Doves Kingdom of Rust Review

http://gu.com/p/26x8g 

http://www.guardian.co.uk/music/2009/mar/15/doves-kingdom-of-rust-review

Doves are from Wilmslow, Cheshire, and the north-west has long been a presence in their work. We're not talking about the kitchen-sink dramas of the Smiths' Manchester or the Beatles' Liverpool here, but the topography of the entire region. This is a band who not only named a track on their second album, 2002's The Last Broadcast, after the M62, the motorway that links Hull to Liverpool, but recorded said track under one of its flyovers. Social division was the subject of their best single thus far, the northern soul stomp of Black and White Town, from 2005's Some Cities; there's even an old B-side called Northenden, after an area of south Manchester that was once rural but was absorbed into the city years ago. Visitors be warned: apparently "the kids are deranged" and "love guns and kidnap".

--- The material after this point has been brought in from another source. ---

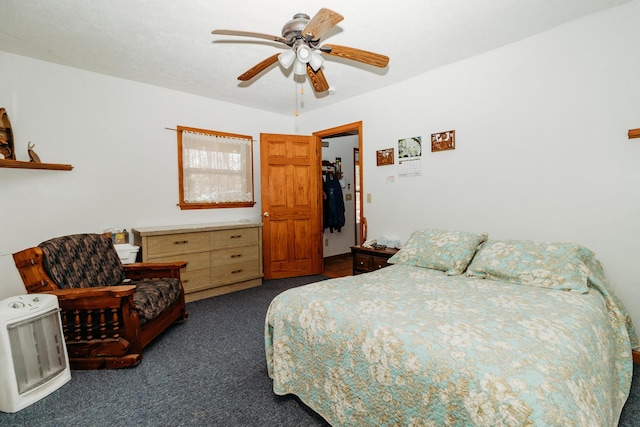 bedroom featuring ceiling fan, dark carpet, and heating unit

Recorded on a Cheshire farm, fourth album Kingdom of Rust sees singer and bassist Jimi Goodwin, guitarist Jez Williams and drummer Andy Williams finally develop these threads at length. It's a meditation on their surroundings, peaking on the title track, and current single, with its juxtaposition of heavy industry and natural beauty, of "cooling towers" and "thunder booming out on the moors", the scenery accompanied by driving, stadium-sized rock, the kind U2 have temporarily forgotten how to create. In fact, this bid to render the landscape in musical form makes Kingdom of Rust a Lancastrian Joshua Tree and, should anyone miss the point, the heartbreaking video for the title track is a snowy road movie, destination Blackpool, Vegas of the north.
Previous albums never quite lived up to the band's facility for knockout singles, but this one holds the attention. There's a dreamy, addictive sadness to proceedings, their customary gruff melancholy now inflated to match the panoramic setting. It's present in Jetstream's fantasies of escape, an airport scene whose clattering drums deliberately evoke an airliner juddering to life, but most prominent on Birds Flew Backwards, the mid-album breather that wistfully marks the changing of the seasons. "Summer's on the way/ Now the swallows have arrived," notes Goodwin, coming over all Bill Oddie.
Despite the occasional misstep - Compulsion's monochrome funk seems to have come from another album - it's hard to shake the feeling that Doves have found an extra gear. It's probably down to nothing more than maturity, which, given all Elbow's recent accolades, is a more valuable currency in an era when blinking means you risk missing most artists' entire careers. Doves' record company will doubtless be hoping for an Elbow-style second wind of their own, and in some ways the bands are similar - sad sack blokes who never make bad records but, until recently in the case of Guy Garvey's mob, could never locate a properly mainstream audience either. However, Doves continue to lack a figurehead: Goodwin has Garvey's beard, but not his easy charm. Instead, they'll have to make it on the music alone. It's good enough.